Luanda - INTERVENÇÃO DE APRESENTAÇÃO DA PROPOSTA DE LEI DE REVISÃO CONSTITUCIONAL DE INICIATIVA DO PRESIDENTE DA REPÚBLICA

ASSEMBLEIA NACIONAL, 18 DE MARÇO DE 2021

ADÃO DE ALMEIDA
(Ministro de Estado e Chefe da Casa Civil do Presidente da República)


Sua Excelência
Fernando da Piedade Dias dos Santos
Presidente da Assembleia Nacional

Excelentíssimos
Senhoras e senhores Deputados

No passado dia 2 de Março do corrente ano, SUA EXCELÊNCIA JOÃO MANUEL GONÇALVES LOURENÇO, PRESIDENTE DA REPÚBLICA, exerceu, nos termos do artigo 233.º da Constituição da República de Angola, iniciativa de revisão constitucional. Trata-se da primeira iniciativa de revisão constitucional no âmbito da Constituição de 2010, exercida 11 anos após o início da sua vigência, que respeita os limites de revisão constitucional e que resulta, como referiu o SR. PRESIDENTE DA REPÚBLICA na abertura da II sessão ordinária do Conselho de Ministros, “de uma profunda reflexão e de um estudo aturado, mas, sobretudo, da experiência resultante da sua aplicação”. Continuando a citar o SR. PRESIDENTE DA REPÚBLICA, “com esta proposta de revisão pontual da Constituição, pretende-se preservar a estabilidade dos seus princípios fundamentais, adaptar algumas das suas normas à realidade vigente, mantendo-a ajustada ao contexto político, social e económico, clarificar os mecanismos de fiscalização política e melhorar o relacionamento institucional entre os órgãos de soberania, bem como corrigir algumas insuficiências”.

Excelência
Presidente da Assembleia Nacional

Ilustres
Senhoras e senhores Deputados

Cabe-me a honra de, perante esta augusta Assembleia Nacional e nesta importante sessão, proceder à apresentação dos termos gerais da proposta de revisão constitucional de iniciativa do SR. PRESIDENTE DA REPÚBLICA.
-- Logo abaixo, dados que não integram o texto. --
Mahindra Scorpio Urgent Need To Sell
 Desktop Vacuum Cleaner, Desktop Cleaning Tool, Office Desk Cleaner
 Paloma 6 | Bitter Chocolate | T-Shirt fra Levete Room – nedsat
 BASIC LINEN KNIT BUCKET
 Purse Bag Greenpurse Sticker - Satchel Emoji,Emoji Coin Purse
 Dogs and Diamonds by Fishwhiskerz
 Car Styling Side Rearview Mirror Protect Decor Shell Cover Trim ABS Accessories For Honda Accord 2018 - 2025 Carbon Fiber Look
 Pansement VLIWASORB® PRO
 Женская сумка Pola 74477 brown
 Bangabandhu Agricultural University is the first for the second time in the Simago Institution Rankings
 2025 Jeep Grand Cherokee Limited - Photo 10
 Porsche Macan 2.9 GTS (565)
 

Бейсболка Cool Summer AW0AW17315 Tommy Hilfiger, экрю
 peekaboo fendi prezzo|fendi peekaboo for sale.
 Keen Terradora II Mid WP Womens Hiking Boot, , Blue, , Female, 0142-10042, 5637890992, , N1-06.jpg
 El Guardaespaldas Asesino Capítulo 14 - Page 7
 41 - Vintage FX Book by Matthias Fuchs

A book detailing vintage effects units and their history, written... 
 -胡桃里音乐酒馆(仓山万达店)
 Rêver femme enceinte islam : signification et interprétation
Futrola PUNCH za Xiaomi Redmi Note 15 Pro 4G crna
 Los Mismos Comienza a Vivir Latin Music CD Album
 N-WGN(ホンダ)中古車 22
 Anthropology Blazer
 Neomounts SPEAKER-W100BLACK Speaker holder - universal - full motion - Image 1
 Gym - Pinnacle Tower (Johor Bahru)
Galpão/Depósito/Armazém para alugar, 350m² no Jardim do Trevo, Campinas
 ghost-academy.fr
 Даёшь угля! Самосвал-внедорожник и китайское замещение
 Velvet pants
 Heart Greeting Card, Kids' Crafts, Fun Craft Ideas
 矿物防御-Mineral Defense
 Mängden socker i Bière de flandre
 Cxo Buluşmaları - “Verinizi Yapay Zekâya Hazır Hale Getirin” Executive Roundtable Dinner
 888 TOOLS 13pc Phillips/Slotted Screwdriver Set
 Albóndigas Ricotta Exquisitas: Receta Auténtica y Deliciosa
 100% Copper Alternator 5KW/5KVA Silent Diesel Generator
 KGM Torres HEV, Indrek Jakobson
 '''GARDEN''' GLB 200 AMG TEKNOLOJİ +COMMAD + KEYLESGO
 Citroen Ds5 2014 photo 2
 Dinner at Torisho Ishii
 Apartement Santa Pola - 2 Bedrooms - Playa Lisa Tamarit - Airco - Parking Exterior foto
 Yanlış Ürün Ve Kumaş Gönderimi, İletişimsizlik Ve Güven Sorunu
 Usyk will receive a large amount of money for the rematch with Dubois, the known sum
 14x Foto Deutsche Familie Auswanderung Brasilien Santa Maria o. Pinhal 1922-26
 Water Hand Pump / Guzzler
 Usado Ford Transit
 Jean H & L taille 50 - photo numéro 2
A proposta de revisão pontual da Constituição prevê alterar 28 artigos, aditar 6 artigos e fazer 4 revogações.

Permitam-me, entretanto, que comece por delimitar negativamente a proposta. Ou seja, que comece por dizer o que a proposta não prevê, o que a proposta não deseja e o que não pode ser atribuído à proposta. Assim:

• A proposta não prevê, nem pretende adiar as eleições gerais de 2022;

• A proposta não prevê, nem pretende aumentar os poderes constitucionais do Presidente da República;

• A proposta não prevê, nem pretende estender o mandato do Presidente da República;

• A proposta não prevê, nem pretende limitar direitos políticos de nenhum cidadão angolano;

• A proposta é aberta, clara e objectiva, não tendo quaisquer outras intenções qua não as que constam do seu texto.

Então, o que se pretende com a presente proposta de revisão pontual da Constituição? Pergunta pertinente que merece respostas claras e objectivas.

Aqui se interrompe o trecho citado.